Video Visual Relation Detection (VidVRD) aims to detect visual relationship
triplets in videos using spatial bounding boxes and temporal boundaries.
Existing VidVRD methods can be broadly categorized into bottom-up and top-down
paradigms, depending on their approach to classifying relations. Bottom-up
methods follow a clip-based approach where they classify relations of short
clip tubelet pairs and then merge them into long video relations. On the other
hand, top-down methods directly classify long video tubelet pairs. While recent
video-based methods utilizing video tubelets have shown promising results, we
argue that the effective modeling of spatial and temporal context plays a more
significant role than the choice between clip tubelets and video tubelets. This
motivates us to revisit the clip-based paradigm and explore the key success
factors in VidVRD. In this paper, we propose a Hierarchical Context Model (HCM)

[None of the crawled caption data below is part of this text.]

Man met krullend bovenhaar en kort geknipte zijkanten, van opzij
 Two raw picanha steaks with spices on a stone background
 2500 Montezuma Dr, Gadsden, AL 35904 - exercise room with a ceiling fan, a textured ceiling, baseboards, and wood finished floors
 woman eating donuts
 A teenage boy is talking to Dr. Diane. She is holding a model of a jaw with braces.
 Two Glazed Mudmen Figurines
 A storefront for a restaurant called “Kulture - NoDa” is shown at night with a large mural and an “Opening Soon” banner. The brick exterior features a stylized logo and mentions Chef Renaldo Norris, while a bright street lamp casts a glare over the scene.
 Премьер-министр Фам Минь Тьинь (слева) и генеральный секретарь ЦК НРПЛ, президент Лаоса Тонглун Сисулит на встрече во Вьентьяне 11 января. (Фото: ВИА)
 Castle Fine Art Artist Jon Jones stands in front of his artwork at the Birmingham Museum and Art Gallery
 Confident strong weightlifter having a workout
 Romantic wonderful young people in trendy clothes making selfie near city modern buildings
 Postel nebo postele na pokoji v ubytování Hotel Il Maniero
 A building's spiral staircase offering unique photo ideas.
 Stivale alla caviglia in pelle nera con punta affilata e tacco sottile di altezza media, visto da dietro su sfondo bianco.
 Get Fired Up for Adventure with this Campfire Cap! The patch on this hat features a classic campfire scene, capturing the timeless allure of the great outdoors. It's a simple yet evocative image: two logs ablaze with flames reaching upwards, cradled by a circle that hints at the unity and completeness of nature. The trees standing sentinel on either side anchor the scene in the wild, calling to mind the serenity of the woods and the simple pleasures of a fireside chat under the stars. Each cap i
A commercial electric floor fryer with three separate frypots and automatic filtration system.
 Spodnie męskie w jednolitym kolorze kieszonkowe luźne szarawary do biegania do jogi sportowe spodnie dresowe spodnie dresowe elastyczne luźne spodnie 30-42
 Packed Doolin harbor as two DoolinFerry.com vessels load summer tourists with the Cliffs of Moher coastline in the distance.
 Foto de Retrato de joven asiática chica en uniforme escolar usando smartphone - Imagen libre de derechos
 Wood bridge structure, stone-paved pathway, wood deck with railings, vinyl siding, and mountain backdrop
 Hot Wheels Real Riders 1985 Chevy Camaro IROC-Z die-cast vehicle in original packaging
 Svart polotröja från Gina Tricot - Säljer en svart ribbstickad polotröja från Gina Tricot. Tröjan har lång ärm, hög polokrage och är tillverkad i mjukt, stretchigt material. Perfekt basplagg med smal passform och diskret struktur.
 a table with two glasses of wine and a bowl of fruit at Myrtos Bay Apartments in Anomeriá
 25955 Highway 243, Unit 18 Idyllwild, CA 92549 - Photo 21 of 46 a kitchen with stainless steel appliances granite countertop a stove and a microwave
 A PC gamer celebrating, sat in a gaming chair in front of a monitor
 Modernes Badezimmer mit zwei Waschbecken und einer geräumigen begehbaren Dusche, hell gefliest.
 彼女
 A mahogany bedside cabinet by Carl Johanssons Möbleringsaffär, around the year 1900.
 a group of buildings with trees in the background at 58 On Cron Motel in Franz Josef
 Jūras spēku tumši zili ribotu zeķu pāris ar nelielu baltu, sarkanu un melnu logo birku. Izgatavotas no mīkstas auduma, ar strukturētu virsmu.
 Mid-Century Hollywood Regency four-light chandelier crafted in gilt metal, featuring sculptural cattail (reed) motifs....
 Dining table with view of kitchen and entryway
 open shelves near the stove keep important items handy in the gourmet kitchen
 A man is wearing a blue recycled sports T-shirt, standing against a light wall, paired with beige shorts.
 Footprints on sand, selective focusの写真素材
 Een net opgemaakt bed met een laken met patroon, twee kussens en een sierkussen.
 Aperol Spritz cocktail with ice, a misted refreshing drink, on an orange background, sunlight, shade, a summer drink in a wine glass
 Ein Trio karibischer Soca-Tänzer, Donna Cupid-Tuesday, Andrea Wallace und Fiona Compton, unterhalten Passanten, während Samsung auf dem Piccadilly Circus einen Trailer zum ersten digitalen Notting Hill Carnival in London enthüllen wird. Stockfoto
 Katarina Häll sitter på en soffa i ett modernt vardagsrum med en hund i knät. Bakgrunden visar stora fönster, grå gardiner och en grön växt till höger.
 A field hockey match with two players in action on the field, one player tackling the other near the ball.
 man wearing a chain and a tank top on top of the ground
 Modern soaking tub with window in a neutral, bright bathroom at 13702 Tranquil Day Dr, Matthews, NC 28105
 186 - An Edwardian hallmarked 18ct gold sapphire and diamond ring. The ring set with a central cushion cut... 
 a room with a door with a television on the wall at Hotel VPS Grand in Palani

that enriches the object-based spatial context and relation-based temporal
context based on clips. We demonstrate that using clip tubelets can achieve
superior performance compared to most video-based methods. Additionally, using
clip tubelets offers more flexibility in model designs and helps alleviate the
limitations associated with video tubelets, such as the challenging long-term
object tracking problem and the loss of temporal information in long-term
tubelet feature compression. Extensive experiments conducted on two challenging
VidVRD benchmarks validate that our HCM achieves a new state-of-the-art
performance, highlighting the effectiveness of incorporating advanced spatial
and temporal context modeling within the clip-based paradigm